I was looking at the MAVIC COSMIC CARBONE PREMIUM WHEELSET and it's $300 more than the Mavic R-Sys wheelset. I mean since the R-sys is $1000 already, is it worth spending $300 more on the MAVIC COSMIC CARBONE PREMIUM WHEELSET?


----------



## cmg (Oct 27, 2004)

look into ROLS d'Huez $615, 1478g http://www.rolwheels.com/2008-Wheels/ROL-DHuez.html or Nimble spiders $525 1351g http://www.nimble.net/


----------



## Forrest Root (Dec 22, 2006)

AnthonyL88 said:


> I was looking at the MAVIC COSMIC CARBONE PREMIUM WHEELSET and it's $300 more than the Mavic R-Sys wheelset. I mean since the R-sys is $1000 already, is it worth spending $300 more on the MAVIC COSMIC CARBONE PREMIUM WHEELSET?


Yes. The Carbones are very nice wheels.


----------



## doc47 (Oct 27, 2005)

I have 2 sets of Rolf Elan Aeros[1 black and 1 silver]. The wheels weigh less than 1300gms./set. I have an accumulated 10000 miles on these wheels without one problem. I think these wheels are absolutely first rate.


----------



## BunnV (Sep 7, 2005)

A friend of mine has R-Sys wheels on a 08 Orbea. So far, no problems with broken spokes in 4 months of riding.
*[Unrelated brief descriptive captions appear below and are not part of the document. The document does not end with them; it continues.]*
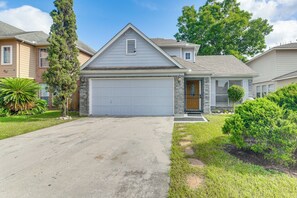 A residential house with a garage, a front yard with a lawn, and a driveway. - 10 Mi to Airport & Vintage Park! Quaint Apartment (Houston)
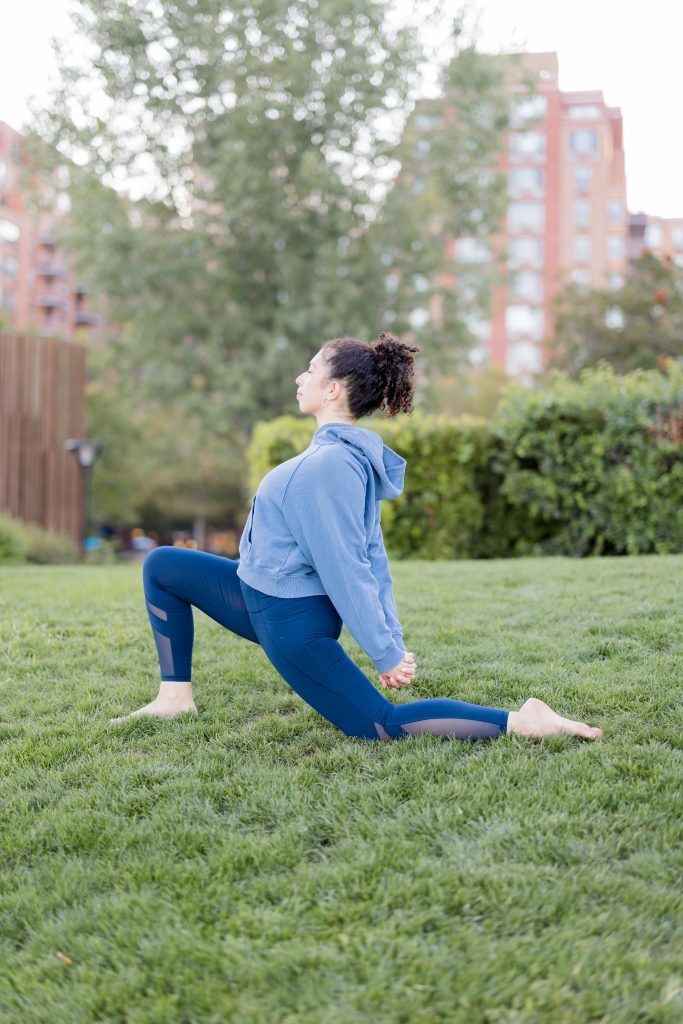Anjaneyasana pose on the grass outside with woman's hands clasped behind her back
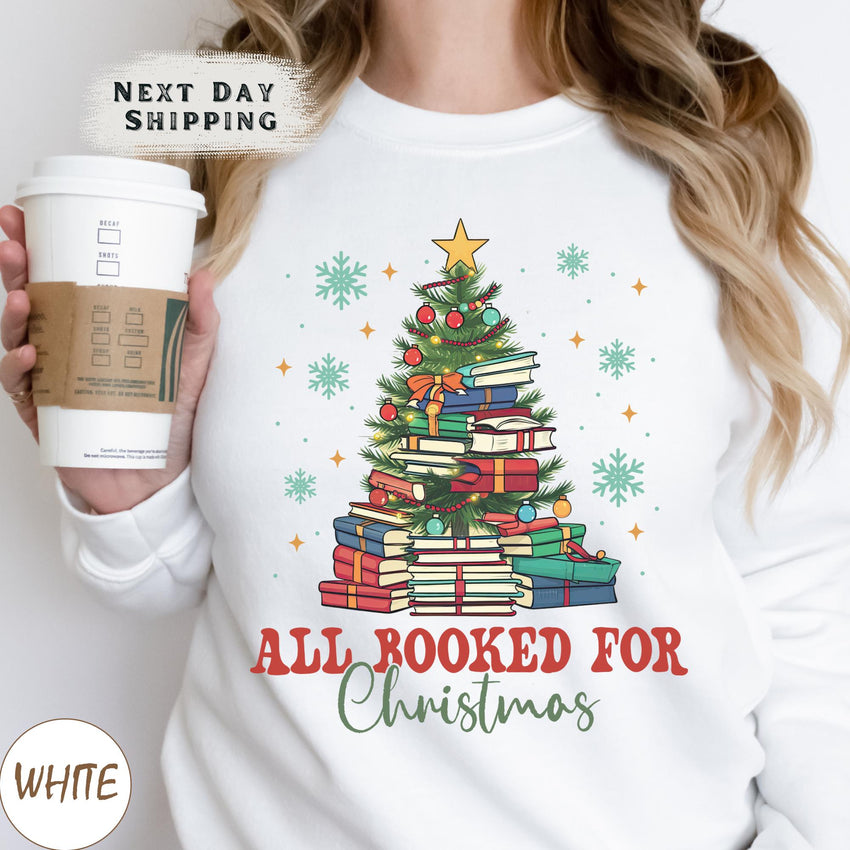 a woman holding a cup of coffee and a christmas tree sweatshirt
He's no racer but we ride often and on some pretty broken up pavement. I think he weighs about 175.

What about the Rolf Vigor wheels? They are aero but also pretty light. They claim 1450 grams I think including skewers. I know some people don't like the paired spokes but I've also seen many good reviews of high mileage Rolf wheels without significant problems. I think they look cool too.


----------



## MaestroXC (Sep 15, 2005)

Rolfs are tough, but if you break a spoke somehow, you're screwed. The wheel will go waaay out of true. 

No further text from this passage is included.